Challenges before the ECP
August 3, 2012
Imagine a situation in which 4 candidates, A,B,C and D contest elections from a constituency. There are 100 voters in that constituency and the turnout is 40 percent. A,B,C and D receive 6, 9, 12 and 13 votes respectively, and thus D wins the election. If this situation prevails at most other constituencies, we will have a government with absolute majority although 68 percent of those who voted and 87 % of the total eligible voters never voted for that government. This may be summed up as madness bordering on tyranny. Technically this is also referred to as democracy.
Now imagine another situation in which three candidates contest elections from a constituency. They submit their nomination papers and make the required declarations. All three possess fake degrees, hold dual nationalities, hide their assets and have defaulted on tax payment for past several years. They have also been regular “bhatta” collectors and engaged in ‘ephedrinal’ matters over a long period of time. What is the chance that the Election Commission will disqualify any of them from contesting the election and becoming our next Prime Minister. The answer is ‘Zero’. While this may sound utterly sinister, that is exactly how the system is designed to work.
If we tax our memories hard enough, we will recall that it was only four years ago that the Election Commission of Pakistan (ECP) conducted a fake exercise code named ‘elections’ using a fake list of 37.2 million fictitious voters. It then went on to multiply the scam by introducing some 300 parliamentarians who had cheated the system by acquiring fake degrees. Not satisfied with the level of spuriousness, the ECP also forgot the vital constitutional requirement of checking for dual nationality and thus pushed in another estimated 80-100 half foreigners as our law makers. Finally the ECP preferred to look the other way even when a parliamentarian broke away from police custody, was found using stolen visa card or declared a fake degree holder by the Supreme Court.
Will the next election replicate the ECP’s dismal performance of the past? Do we realise that we have the same infra structure, the same rules and the same bureaucratic mindset of the past. In the last elections the ECP came out with a brilliant gimmick. Enter your NIC, select the province and hit the ‘send’ button to search your voter ID. As there was no corrective mechanism beyond pressing the ‘send’ button, we ended up with a voter list of 37.2 million fake names. This time too, we are told to enter the NIC number, punch 8300 and send an SMS. One promptly receives a response which describes your electoral details. But how will an estimated 15 million dead punch their NIC cards and send SMSs from locations where (fortunately) the telecom industry has no access. What happens when the response indicates a wrong name or address. Exactly like the last time, the ECP has opted for a look-good process that neither corrects nor improves the current voter list.
The decisions relating to eligibility of those contesting elections ought to be based on scrutiny of facts. The ECP in this area is designed on the pattern of a glorified post office. It must limit itself to the business of collecting and filing nomination papers. It must not use eyes, ears or neurons of its own.
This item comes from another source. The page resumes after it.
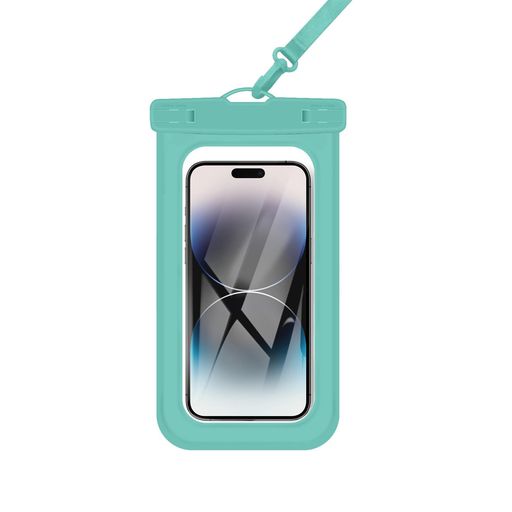 スマホ防水ケース透明プ調節可能首かけタッチ操作高透過率水中撮影顔認証最大7.0”スマホに対応可能潜水水泳雪お風呂温泉適用(1枚セット緑)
It must wait for a political opponent or a party to challenge the information provided by a contestant. Once elected, it must wait for the Speaker to refer a case for disqualification. While the number of delinquents ran into hundreds, how many cases for disqualification were referred to the ECP. So unless the ECP has the courage and conscience to break away from its apathetic past and act proactively, it is likely to allow the same aberrations to reappear as our second generation of law breakers.
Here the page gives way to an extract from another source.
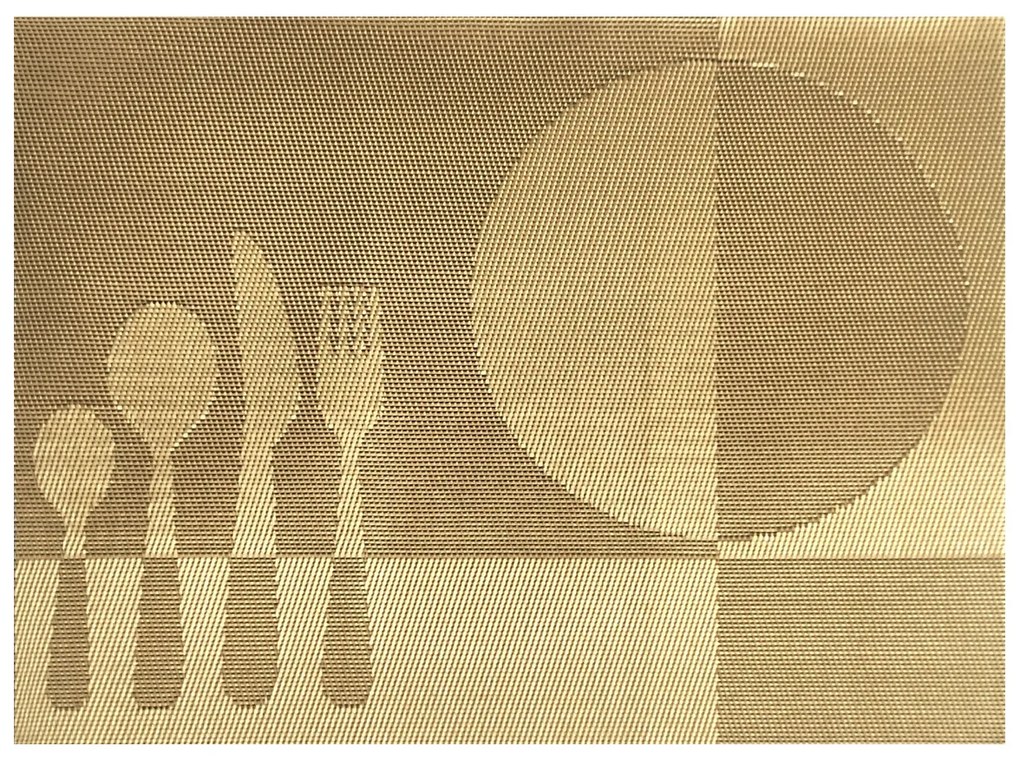 Suport farfurie Food ocru, 30 x 45 cm, set 4 buc.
The Supreme Court has already declared that the First-Past-the-post electoral system violates the concept of majority rule, and has asked ECP to find ways to ensure true representation of the people. Despite having been specifically directed to do so, the ECP has taken no steps to move towards ‘proportionate’ or the ‘run-off’ system of representation. Pakistan ought to opt for a system of proportionate representation, if we wish to move away from the tyranny of a minority in the garb of a majority.
Will the ECP before receiving the nomination papers of a candidate also ask for the names of his / her party office bearers. Will the ECP check if they meet the qualification requirements for being elected as parliamentarians, as required by Section 5 of the Political Parties Order. Will the ECP also remember to ensure that the office bearers of a political party do not hold an elected public office, which is rather well defined at section 9 of the Political Parties Order. How come the ECP remained in deep slumber while this law was flouted over the past four years. If the new ECP setup can do just the few things mentioned in this article, Pakistan would get a fresh opportunity to build an equitable and accountable electoral system.